This indeed. A smart company will do a cost-benefit analysis, not blindly go to the cloud, or 'double-down'. There are great benefits to doing things (maybe even your entire environment) on 'The Cloud', but sometimes physical hardware (rented or purchased) will be a better investment in the long-run. Also, Hybrid Cloud is big at the moment (physical servers for day-to-day traffic and either dev tasks on the cloud, or expansion/failover).

>A smart company will do a cost-benefit analysis, not blindly go to the cloud

But often times those cost-benefit analysis don't take into account how quickly you can improve and work on your infrastructure. The performance or cost improvements need to be a lot to slow down your team even a bit.

Especially for startups this can hit them very hard.


Not sure that this would really change the analysis that much. If you were buying physical servers and installing them yourself then sure, this could very well (perhaps even will) cause slowdown. Most everyone that does bring up using physical hardware for start-ups on here instead discuss leasing managed dedicated servers. You can just as easily spin instances on those up/down as needed, and many of the solution providers out there will even have Openstack/VMWare/etc. available pre-installed so you don't have to do any of that legwork.

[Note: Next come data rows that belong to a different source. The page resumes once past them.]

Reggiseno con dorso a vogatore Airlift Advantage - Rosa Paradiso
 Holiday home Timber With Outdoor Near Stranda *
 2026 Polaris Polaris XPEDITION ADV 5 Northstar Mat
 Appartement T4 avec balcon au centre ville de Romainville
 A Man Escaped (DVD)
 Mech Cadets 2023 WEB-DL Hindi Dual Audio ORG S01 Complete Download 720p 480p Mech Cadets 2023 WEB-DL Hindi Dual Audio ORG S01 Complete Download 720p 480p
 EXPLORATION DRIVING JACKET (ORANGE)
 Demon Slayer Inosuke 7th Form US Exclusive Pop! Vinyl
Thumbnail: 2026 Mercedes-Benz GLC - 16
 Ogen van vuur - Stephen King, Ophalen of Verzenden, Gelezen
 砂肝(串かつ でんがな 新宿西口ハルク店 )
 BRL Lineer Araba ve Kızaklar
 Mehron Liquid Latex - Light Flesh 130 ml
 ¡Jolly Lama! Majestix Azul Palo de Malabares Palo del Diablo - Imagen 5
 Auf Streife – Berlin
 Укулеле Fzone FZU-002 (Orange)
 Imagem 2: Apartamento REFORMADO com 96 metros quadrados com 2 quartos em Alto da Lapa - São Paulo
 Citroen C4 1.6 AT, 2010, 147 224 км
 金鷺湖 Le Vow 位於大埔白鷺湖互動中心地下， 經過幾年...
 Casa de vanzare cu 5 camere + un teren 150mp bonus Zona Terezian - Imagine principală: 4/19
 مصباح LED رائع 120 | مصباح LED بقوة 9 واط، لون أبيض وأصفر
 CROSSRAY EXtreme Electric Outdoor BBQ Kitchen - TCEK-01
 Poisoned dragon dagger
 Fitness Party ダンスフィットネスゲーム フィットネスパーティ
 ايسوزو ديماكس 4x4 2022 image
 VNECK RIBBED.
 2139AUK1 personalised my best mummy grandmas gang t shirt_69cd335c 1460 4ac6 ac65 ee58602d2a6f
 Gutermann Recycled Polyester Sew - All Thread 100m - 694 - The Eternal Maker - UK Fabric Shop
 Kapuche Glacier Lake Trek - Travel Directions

I think engineering for 'The Cloud' can be just as time consuming if not more so for start-ups. For Amazon at least you have to engineer for failure. With a dedicated server configuration you still do need to engineer for that, but you aren't worrying about if depending on the solution providers block storage is going to take certain aspects of your architecture offline when it goes down (yet again), or if the portal won't allow you to bring up/down new instances during a very critical period of time, etc.


It's a risk shift.

Generally speaking, most sysadmins at small places do a horrible job engineering for failure. Or, worse, they don't have professional SA's, just devs who know enough to be dangerous.

So while you don't run into a US-East EBS failure every now and again that affects millions of servers, you are subject to random unforseen failures because somebody didn't do X correctly. (Where X could include: disk configuration, HA configuration, DR plan, backup/restore plan, os management, firewall management, etc)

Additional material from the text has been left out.